:: Exercise instructions ::
Your output should match the listing below word for word, without any images.

:: Data listing ::
Segment Open
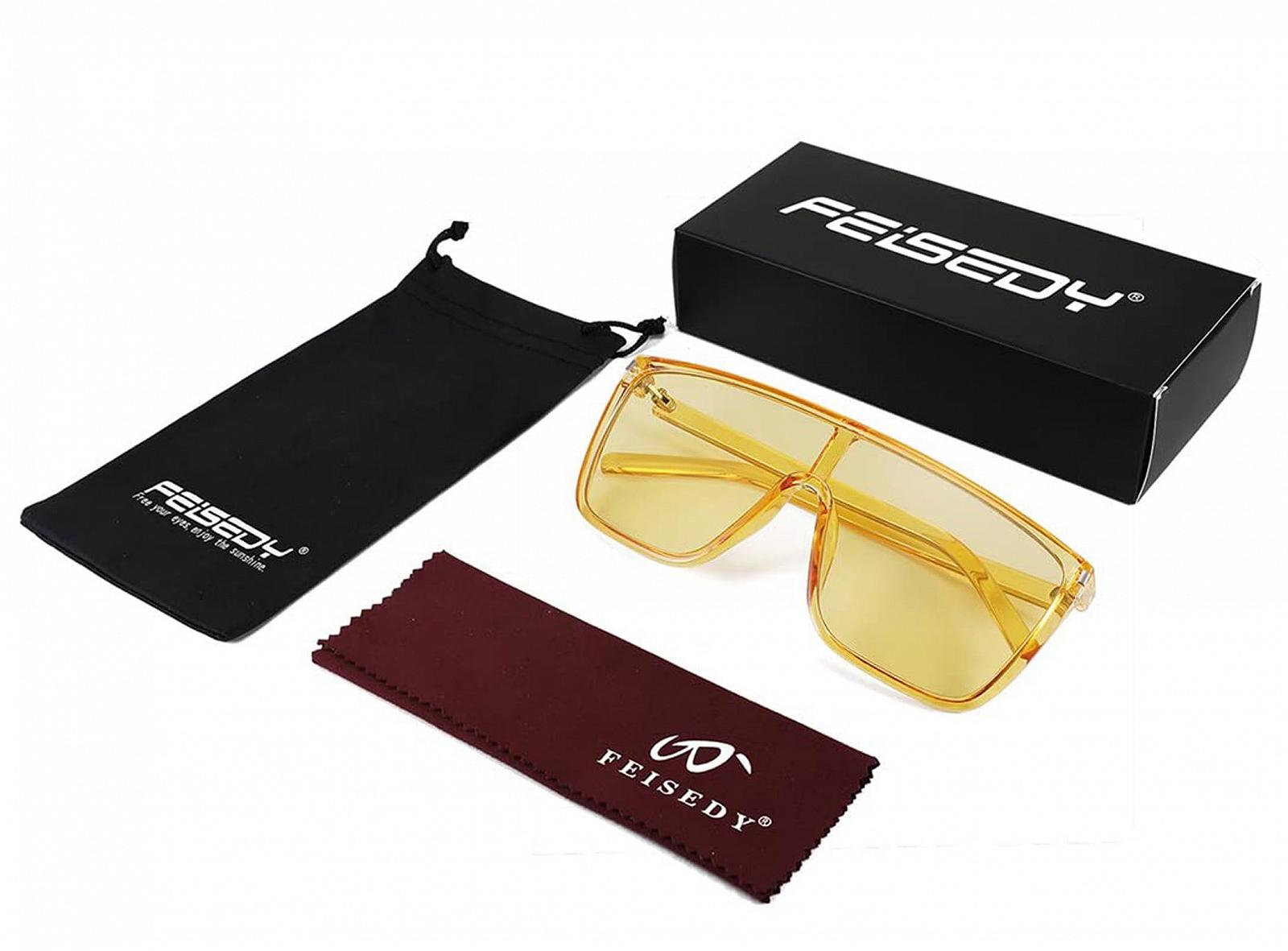 Сонцезахисні окуляри FEISEDY Квадратні Великі для чоловіків та жінок B2759, фото №7 Сонцезахисні окуляри FEISEDY Квадратні Великі для чоловіків та жінок B2759, фото №7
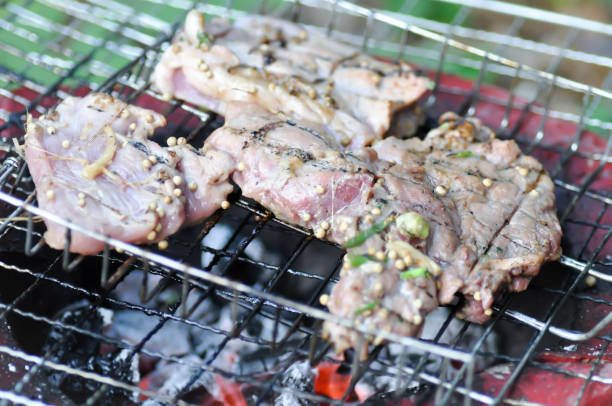 istock grilled beef and grilled pork 1220889167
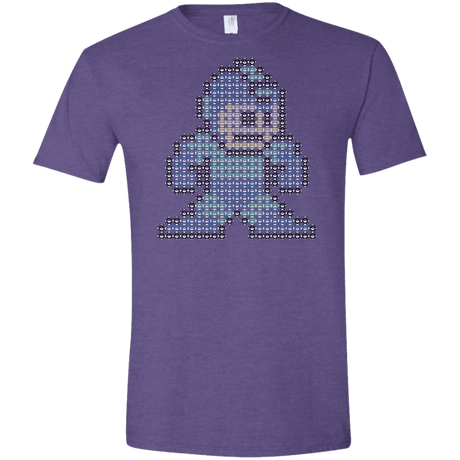 T-Shirts Heather Purple / S Mega Pixel Men's Semi-Fitted Softstyle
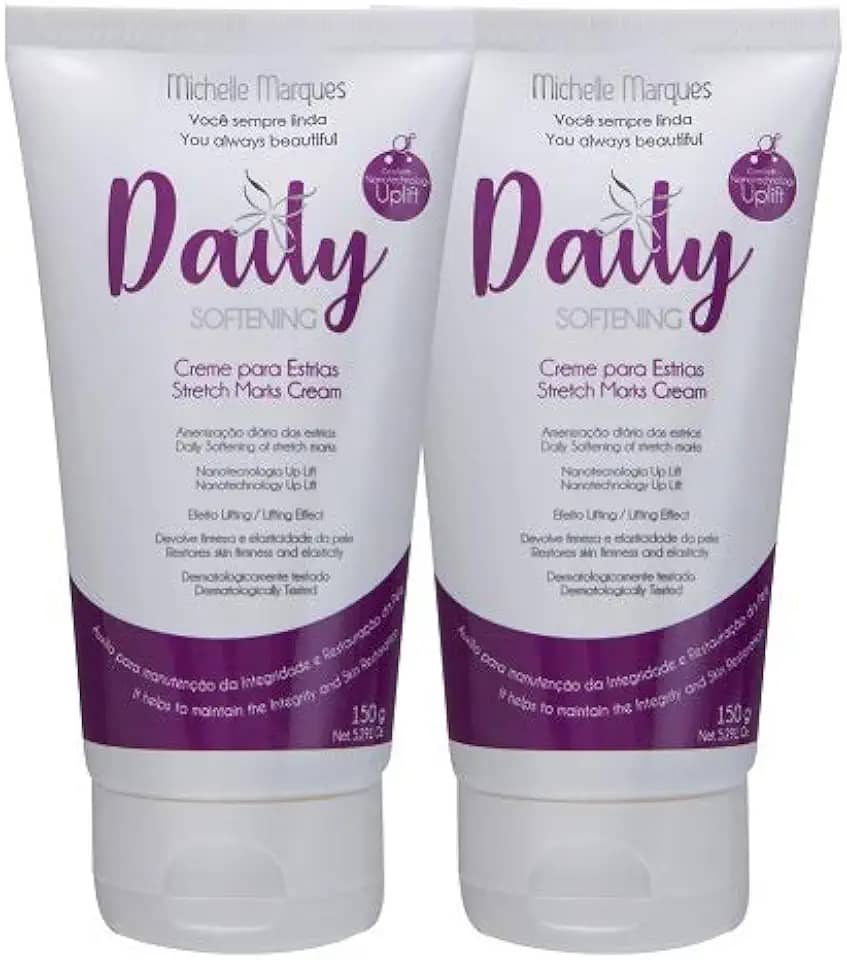 Kit 2 Cremes para Estrias Michelle Marques - Daily -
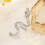 Dragon Ear Cuff Crystal Wrap 1 Pair 3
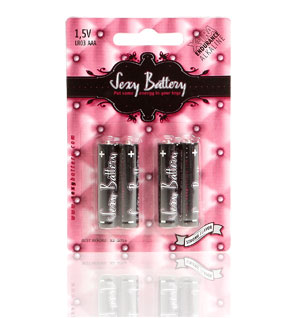 SEXY BATTERY AAA/LR3 4 PACK - Click Image to Close
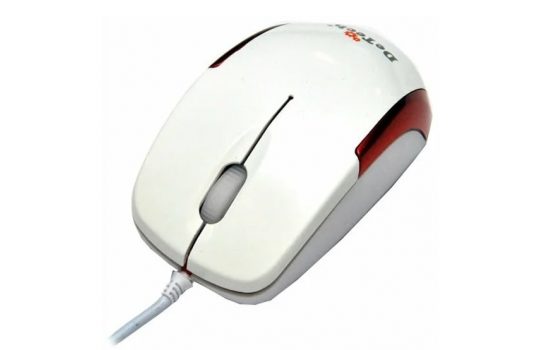  Мышь DeTech DE-2061 USB White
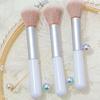 Кисть для румян Толстая алюминиевая трубка Долгосрочное использование Инструмент для красоты Модный инструмент для красоты для вечеринки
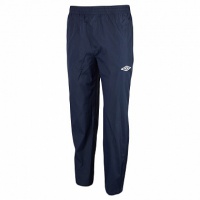 брюки спортивные umbro unity shower pant, ветрозащитные 423015 (991) т.син/бел.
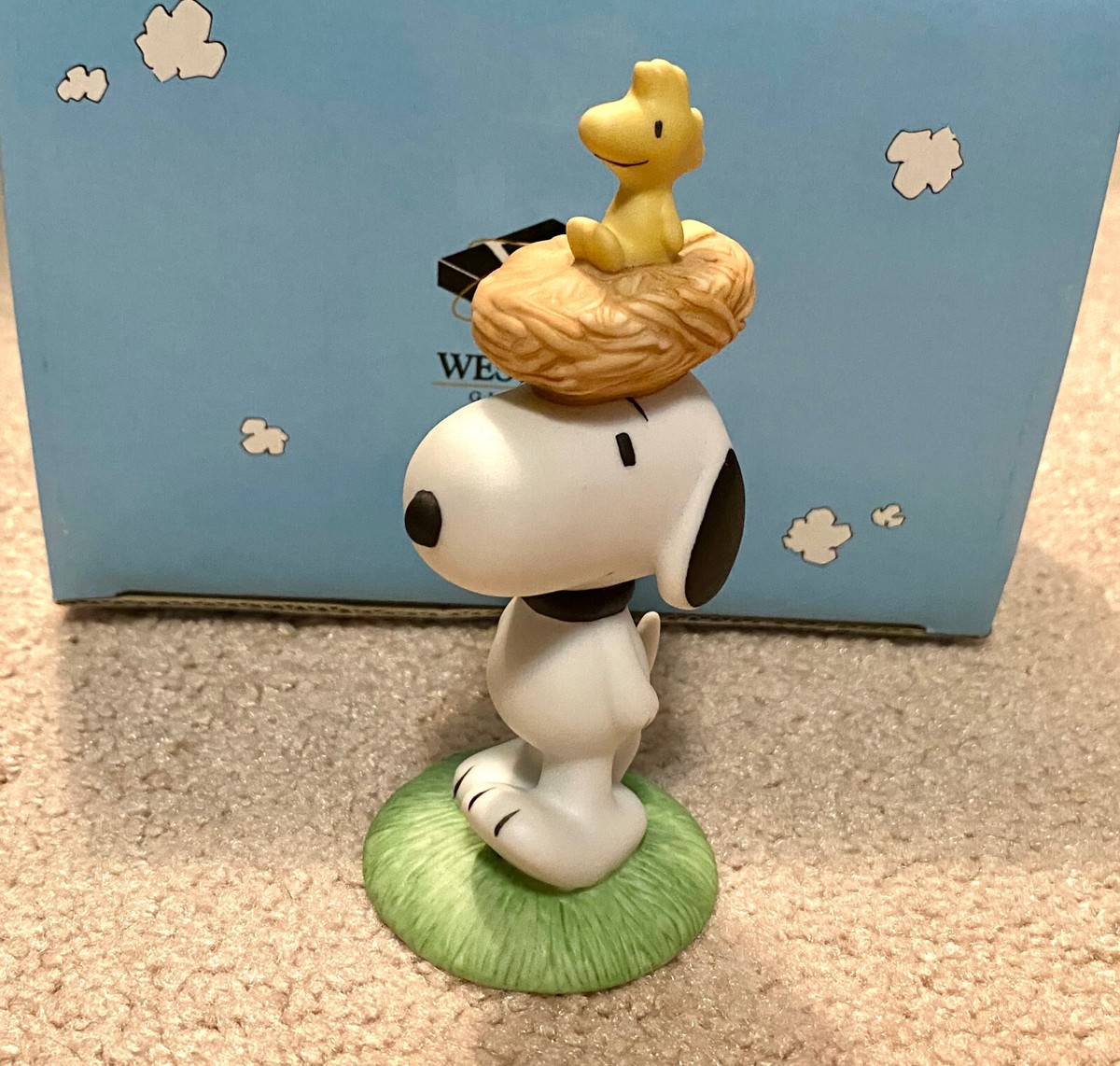 ウッドストック　snoopy スヌーピー peanuts westland WESTLAND スヌーピー ウッドストック キャンプ 置時計 時計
Segment Closed
:: Response area ::
 Сонцезахисні окуляри FEISEDY Квадратні Великі для чоловіків та жінок B2759, фото №7 Сонцезахисні окуляри FEISEDY Квадратні Великі для чоловіків та жінок B2759, фото №7
 istock grilled beef and grilled pork 1220889167
 T-Shirts Heather Purple / S Mega Pixel Men's Semi-Fitted Softstyle
 Kit 2 Cremes para Estrias Michelle Marques - Daily -
 Dragon Ear Cuff Crystal Wrap 1 Pair 3
 SEXY BATTERY AAA/LR3 4 PACK - Click Image to Close
  Мышь DeTech DE-2061 USB White
 Кисть для румян Толстая алюминиевая трубка Долгосрочное использование Инструмент для красоты Модный инструмент для красоты для вечеринки
 брюки спортивные umbro unity shower pant, ветрозащитные 423015 (991) т.син/бел.
 ウッドストック　snoopy スヌーピー peanuts westland WESTLAND スヌーピー ウッドストック キャンプ 置時計 時計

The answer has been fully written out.